Uncle George loved breaking rules. He broke laws and norms gleefully and drove his neighbors to madness in the process.
It could have been the summer he covered his front lawn in horse poop so he could plant the world’s biggest pole beans. It might have been the next summer when he did it again to plant blueberries for his blueberry wine or it might have been the colorful blue tie-dyed look of the blossoms of blueberry wine on everyone’s kitchens and dining room walls when all of those bottles of blueberry wine blew up.
It might have been the twenty foot satellite dish and eighty foot radio tower George built so he could talk to the Russians during the Cuban missile crisis.
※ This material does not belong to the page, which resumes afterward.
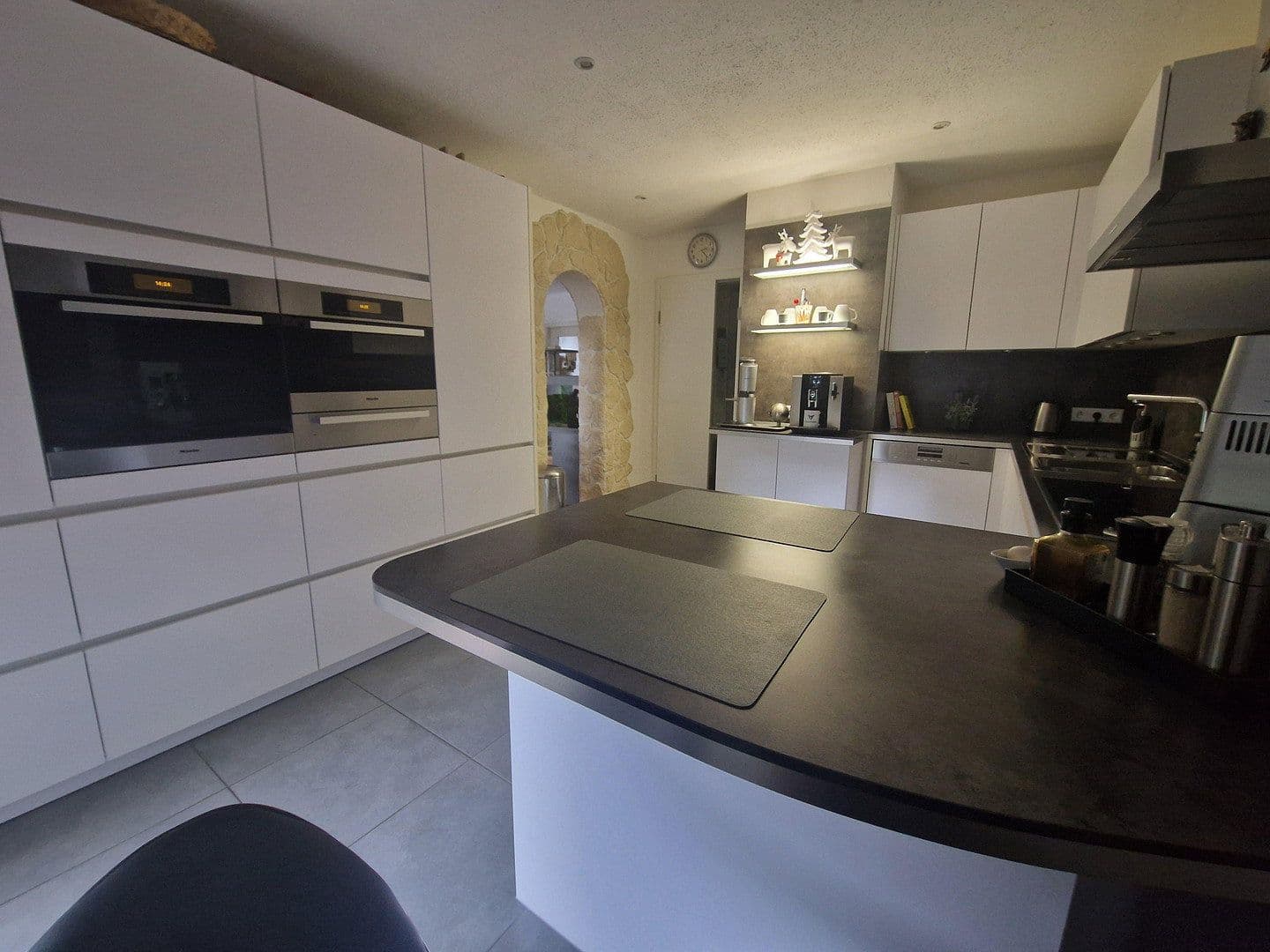 Predaj domu 251 m², pozemek 2.000 m², Neidenfels, Porýnie-Falcko Predaj domu 251 m², pozemek 2.000 m², Neidenfels, Porýnie-Falcko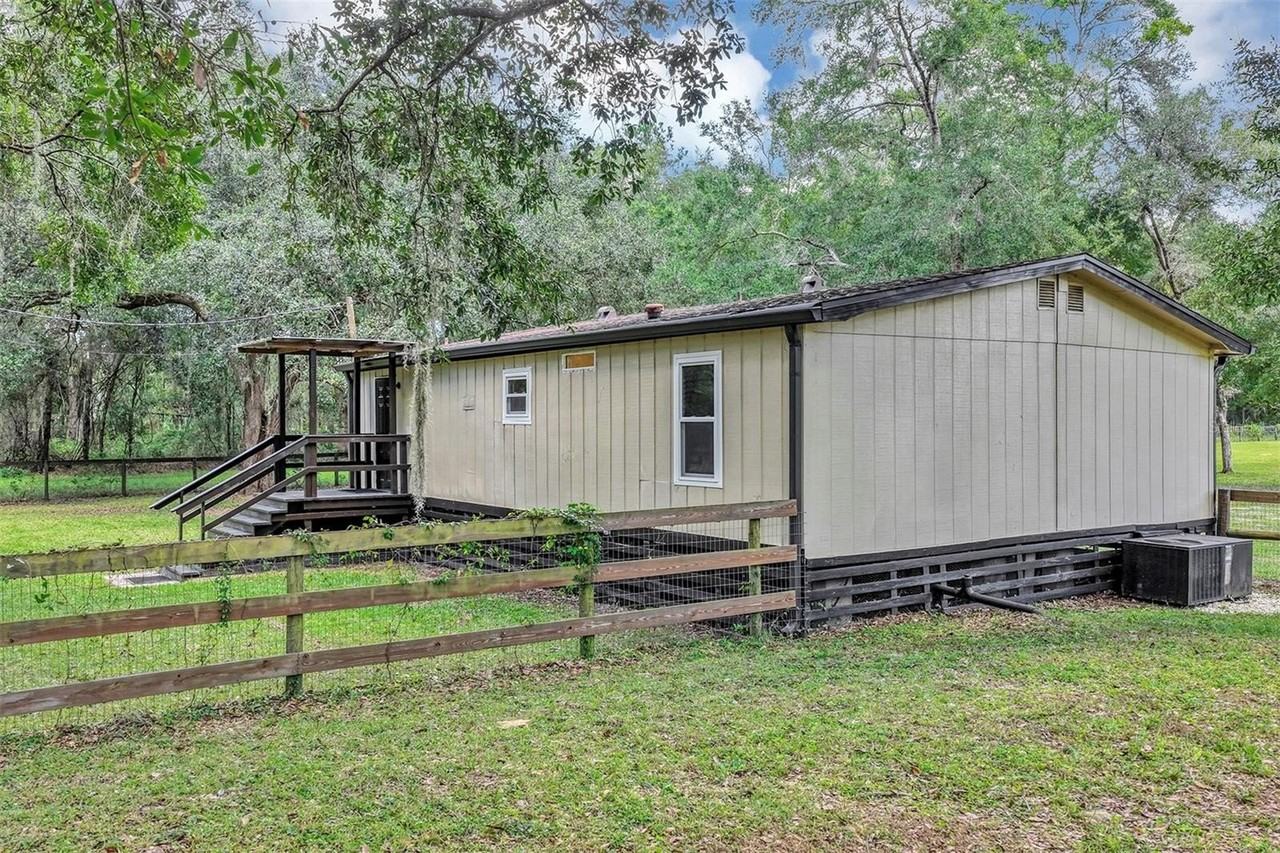 9320 Nw 125th Ave - Photo 4 of 50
The whole time George was spreading poop and consternation he wore big rubber boots like his Nova Scotian fishing buddies did. He was pretty light on his feet considering the boots and their weight and the way they kind of “kalumped” when he danced around.
The second year that the Beach Bistro was open Uncle George decided he should come down and help me out – make sure I wasn’t “screwing up”. He worked in the Bistro pantry helping with salads and desserts. He was wearing his rubber boots. That got me worried about horse poop and such but he assured they were a new pair. The kalumping was good because it helped keep an ear on where he was and what he was doing and how many times a night he slipped into the bar for a little rum.
On New Year’s Eve 1987, George made 121 Caesar salads.
He was ninety one.
I love that old man and I miss him dearly, and I think of him every time I write up this recipe.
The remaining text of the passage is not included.